We'll now introduce the notation $\mathcal{L}_{\epsilon} \equiv \mathcal{M} P_{\epsilon}.$ We commented in section 1 that $\mathcal{L}_{\epsilon}$ is simple if and only if its projector $P_{\epsilon}$ cannot be decomposed further into two nontrivial orthogonal projectors. The first step toward showing this is to observe that for any Majorana operator $\psi_{k},$ we have
$$\psi_{k} P_{\epsilon} = P_{\epsilon'} \psi_{k},$$
where $\epsilon$ differs from $\epsilon'$ on the index $j$ that contains the $\psi_k$ operator; i.e., the index satisfying $k=2j$ or $k=2j-1.$ This is easily verified by inspection of the explicit expression for $P_{\epsilon}.$

Now, consider an arbitrary product of Majorana operators, which we will denote by
$$\chi = \psi_{1}^{\eta_1} \dots \psi_{N}^{\eta_N},$$
where each $\eta_{k}$ is either $0$ or $1.$ When we commute $\chi$ through the projector $P_{\epsilon},$ the string $\epsilon$ is unchanged if and only if, for each $j = 1, \dots, N/2$, we have $\eta_{2j-1} = \eta_{2j},$ since this is the condition under which $\psi_{2j-1}^{\eta_{2j-1}} \psi_{2j}^{\eta_{2j-1}}$ commutes with $\Pi_{\epsilon_j}^{j}$ (and since it automatically commutes with all of the other $\Pi$ operators). So, since we have $P_{\epsilon} P_{\epsilon'} = 0$ for $\epsilon \neq \epsilon'$ and $P_{\epsilon}^2 = P_{\epsilon},$ we may conclude
$$P_{\epsilon} \chi P_{\epsilon} = \begin{cases} \chi P_{\epsilon} & \text{if $\eta_{2j-1} = \eta_{2j}$ for all $j=1, \dots, N/2$} \\ 0 & \text{otherwise}\end{cases}.$$
But we may easily verify the identity
$$\psi_{2j-1} \psi_{2j} \Pi_{\epsilon_j}^{j} = \frac{i \epsilon_{j}}{2} \Pi_{\epsilon_j}^{j}.$$
So in the case that $\chi$ has $\eta_{2j-1} = \eta_{2j}$ for all $j,$ we may conclude that $P_{\epsilon} \chi P_{\epsilon}$ is a complex multiple of $P_{\epsilon}.$ In fact, this is always true; if we have $\eta_{2j-1} \neq \eta_{2j}$ for some $j,$ then the complex multiple is just zero.
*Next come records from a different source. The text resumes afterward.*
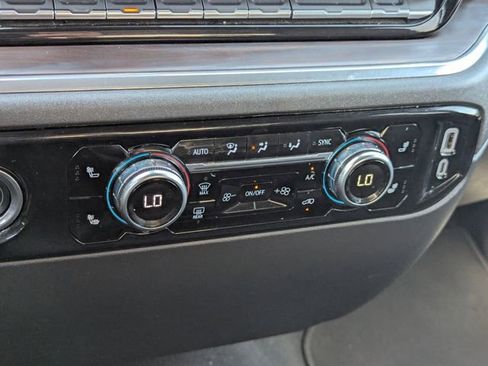 Used 2024 GMC Sierra 1500 SLT image 28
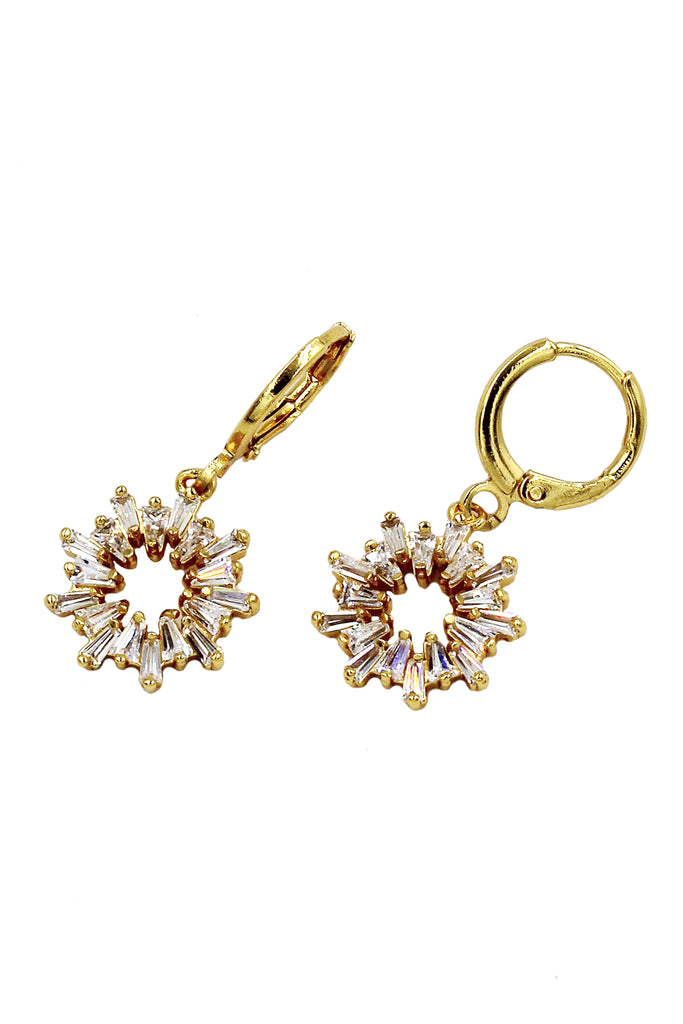 fashion aperture crystal earrings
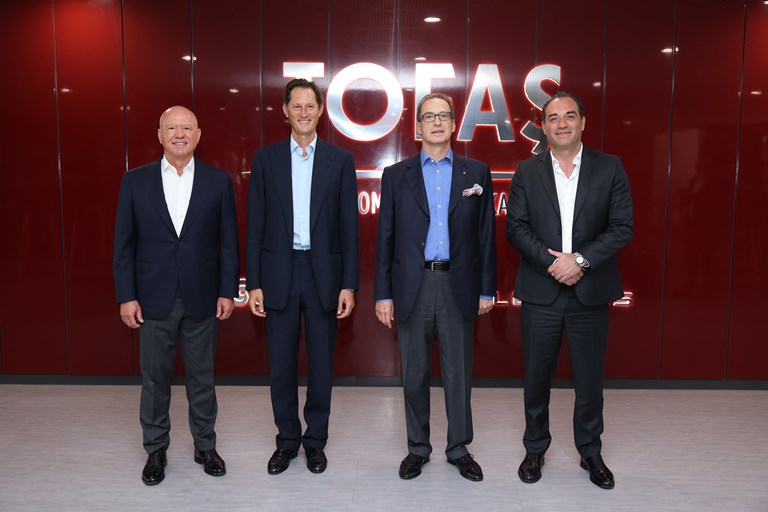 Stellantis Ve Koç Holding Üst Yönetimi Tofaş Fabrikası’nı Ziyaret Etti Stellantis Ve Koç Holding Üst Yönetimi Tofaş Fabrikası’nı Ziyaret Etti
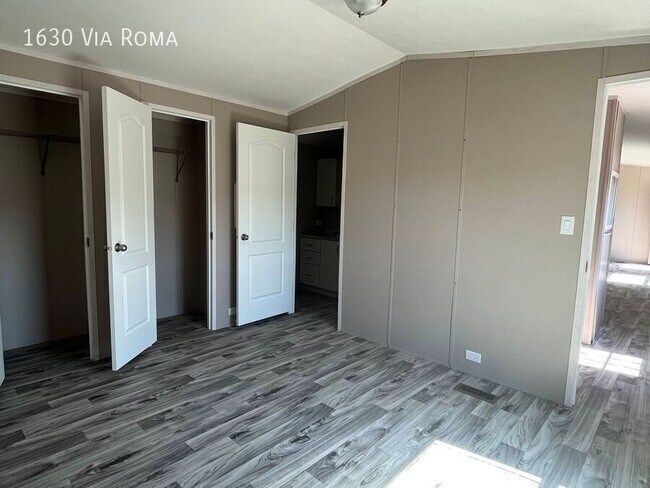 Photo - 1630 Via Roma Dr
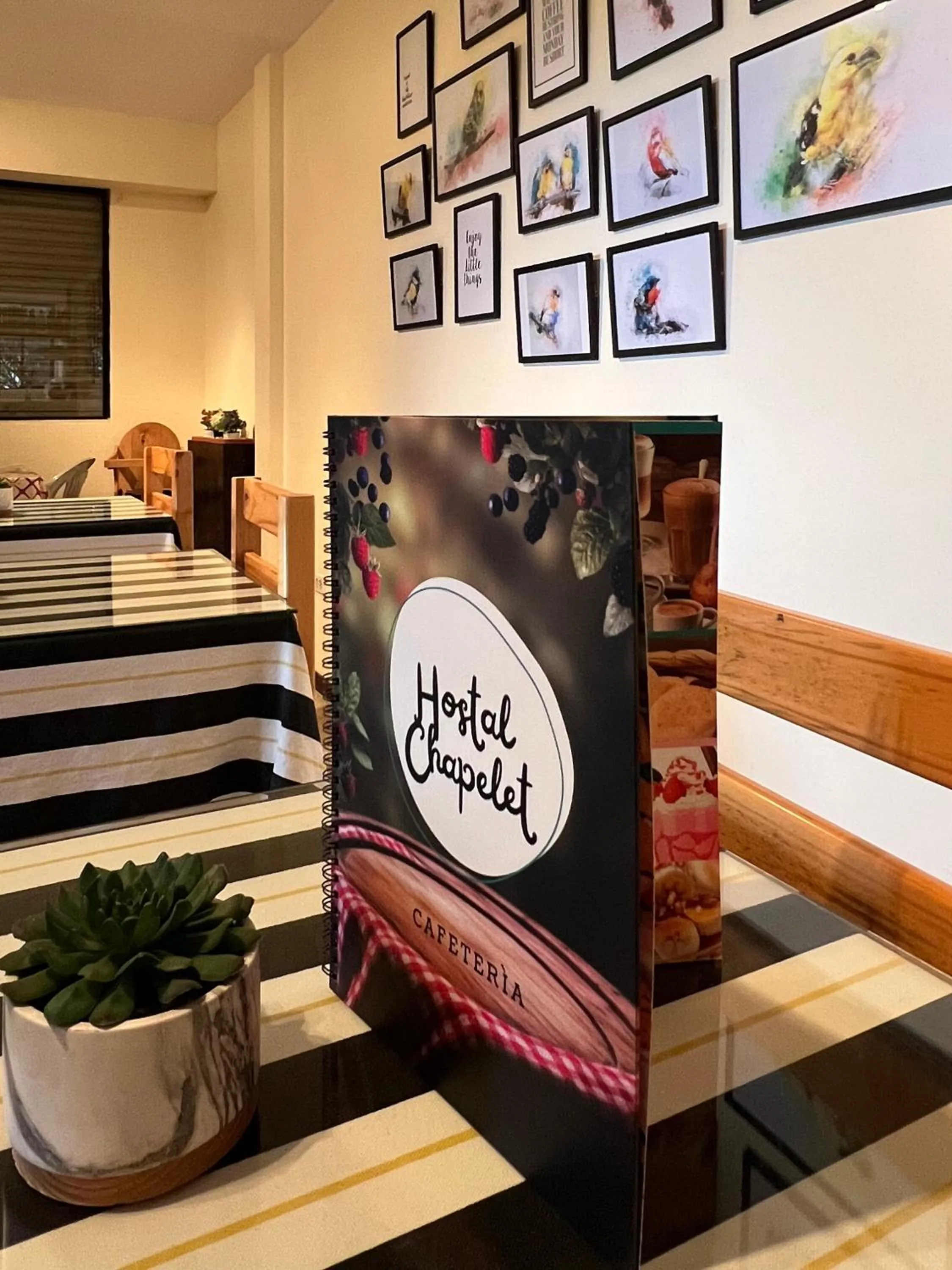 Restaurant/places to eat in Chapelet Hostal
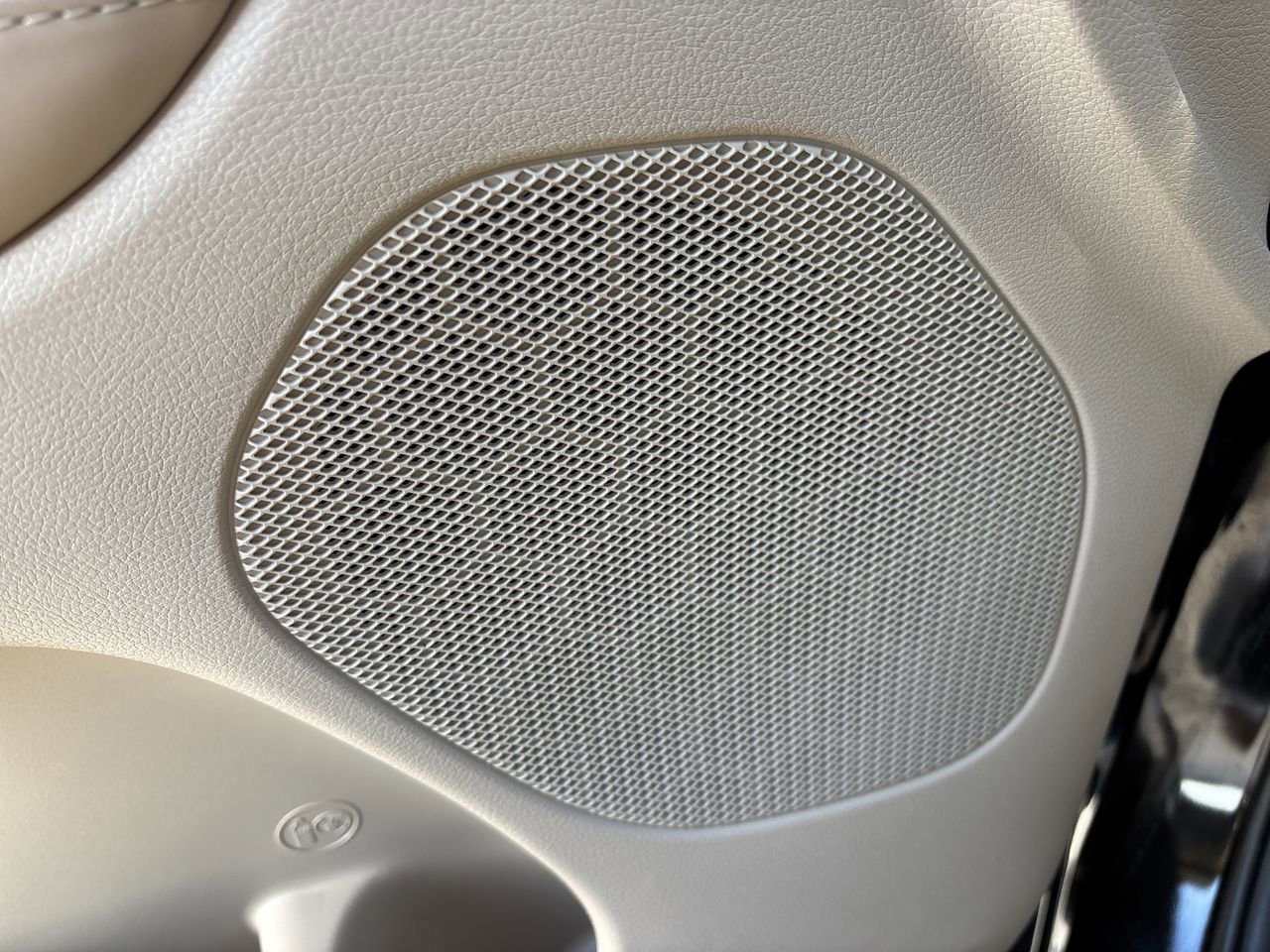 Used 2020 Jeep Grand Cherokee Overland image 25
Since this is true for an arbitrary product of fermions, we conclude that for any operator $a$ in the Majorana algebra, we have
$$P_{\epsilon} a P_{\epsilon} \propto P_{\epsilon}. \label{eq:projector-proportionality} \tag{1}$$

Now, suppose that $\mathcal{M} P_{\epsilon}$ were not a simple left ideal. Then there would exist nonzero projection operators $\alpha, \beta$ satisfying $\alpha \beta = \beta \alpha = 0$ and $\alpha + \beta = P_{\epsilon}.$ But then we would have
$$(\alpha + \beta) \alpha (\alpha + \beta) = P_{\epsilon} \alpha P_{\epsilon} = \lambda P_{\epsilon},$$
where $\lambda$ is a constant of proportionality coming from equation (1). Expanding out the left side of this this equation, we obtain the identity
$$\alpha = \lambda P_{\epsilon}.$$
If we square both sides of this equation, then we obtain
$$\alpha = \lambda^2 P_{\epsilon} = \lambda \alpha.$$
So we either have $\lambda = 1,$ which gives $\alpha = P_{\epsilon},$ or $\alpha = 0.$ In either case, $\alpha$ is a trivial projector. We conclude, by contradiction, that $\mathcal{M} P_{\epsilon}$ must be a simple left ideal.
Finally, we can show that the left ideals $\mathcal{M} P_{\epsilon}$ are isomorphic for $\epsilon \neq \epsilon'.$ This isn't hard; we already showed that by for any $\epsilon, \epsilon',$ there exists a Majorana operator $\chi$ satisfying
$$P_{\epsilon} \chi = \chi P_{\epsilon'}.$$
So right-multiplication by $\chi$ is a map from $\mathcal{M} P_{\epsilon}$ to $\mathcal{M} P_{\epsilon'},$ and it is easily checked to be a homomorphism. Because any product of Majorana operators is an invertible element of the algebra (its inverse being the product of the Majorana operators in reverse order, with an appropriate coefficient), this homomorphism is in fact an isomorphism.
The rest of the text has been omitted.